Настоящая боль была в его голосе, но Костоглотов не пожалел его, а только отгавкнулся:
– А почему это вам первому?
– Ну как почему? Как почему? – вслух страдал Павел Николаевич, страдал от неоспоримости, ясной видимости своего права, но невозможности защитить его словами.
Он испытывал не что иное, как ревность, если кто-нибудь другой до него непосвящёнными пальцами разворачивал свежую газету. Никто из них тут не мог бы понять в газете того, что понимал Павел Николаевич. Он понимал газету как открыто распространяемую, а на самом деле зашифрованную инструкцию, где нельзя было высказать всего прямо, но где знающему умелому человеку можно было по разным мелким признакам, по расположению статей, по тому, что не указано и опущено, – составить верное понятие о новейшем направлении. И именно поэтому Русанов должен был читать газету первый.
Но высказать-то это здесь было нельзя! И Павел Николаевич только пожаловался:
– Мне ведь укол сейчас будут делать. Я до укола хочу посмотреть.
– Укол? – Оглоед смягчился. – Се-час…
Он досматривал газету впробежь, материалы сессии и оттеснённые ими другие сообщения. Он и шёл-то курить. Он уже зашуршал было газетой, чтоб её отдать, – и вдруг заметил что-то, влез в газету – и почти сразу стал настороженным голосом выговаривать одно и то же длинное слово, будто протирая его между языком и нёбом:
– Ин-те-рес-нень-ко… Ин-те-рес-нень-ко…
Четыре глухих бетховенских удара судьбы громыхнули у него над головой – но никто не слышал в палате, может и не услышит, – и что другое он мог выразить вслух?
– Да что такое? – взволновался Русанов вовсе. – Да дайте же сюда газету!

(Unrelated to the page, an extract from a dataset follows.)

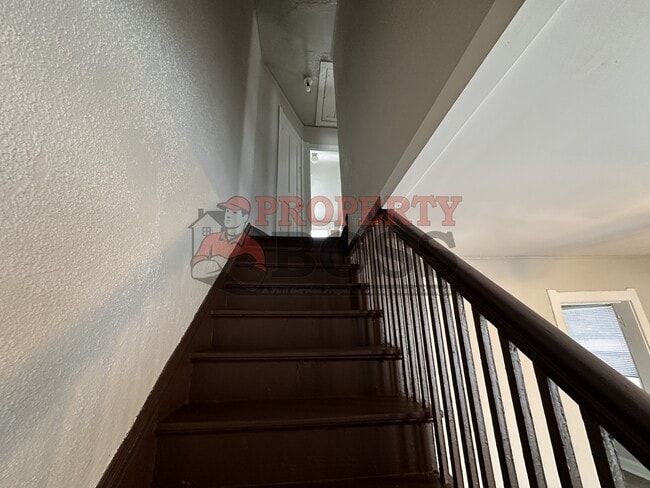 Building Photo - 1225 Lyons St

Костоглотов не потянулся никому ничего показывать. И Русанову ничего не ответил. Он соединил газетные листы, ещё сложил газету вдвое и вчетверо, как она была, но со своими шестью страницами она не легла точно в прежние сгибы, а пузырилась. И, сделав шаг к Русанову (а тот к нему), передал газету. И тут же, не выходя, растянул свой шёлковый кисет и стал дрожащими руками сворачивать махорочную газетную цыгарку.

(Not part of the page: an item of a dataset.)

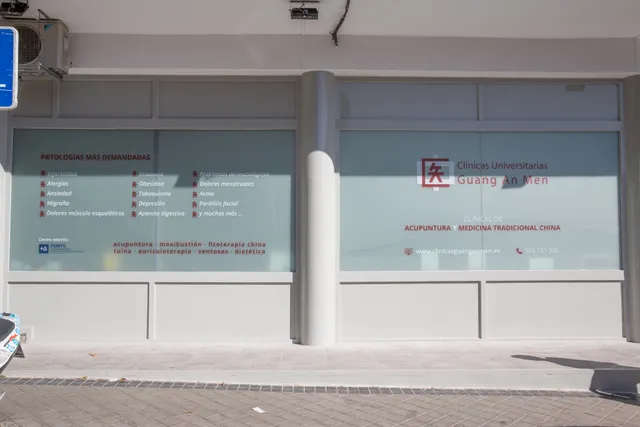 Clinical Acupuncture and Chinese Medicine madrid (Guang An Men)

И дрожащими руками разворачивал газету Павел Николаевич. Это «интересненько» Костоглотова пришлось ему как нож между рёбрами. Что это могло быть Оглоеду «интересненько»?
Умело и делово, он быстро проходил глазами по заголовкам, по материалам сессии и вдруг, и вдруг… Как? Как?..

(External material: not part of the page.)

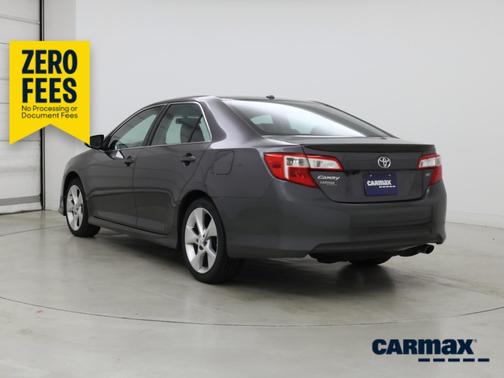 Gray 2014 Toyota Camry SE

Совсем некрупно набранный, совсем незначительный для тех, кто не понимает, со страницы кричал! кричал! небывалый! невозможный указ! – о полной смене Верховного Суда! Верховного Суда Союза!
Как?! Матулевич, заместитель Ульриха?! Детистов? Павленко? Клопов? И Клопов!! – сколько стоит Верховный Суд, столько был в нём и Клопов! И Клопова – сняли!.. Да кто же будет беречь кадры?.. Совершенно новые какие-то имена… Всех, кто вершил правосудие четверть столетия, – одним ударом! – всех!?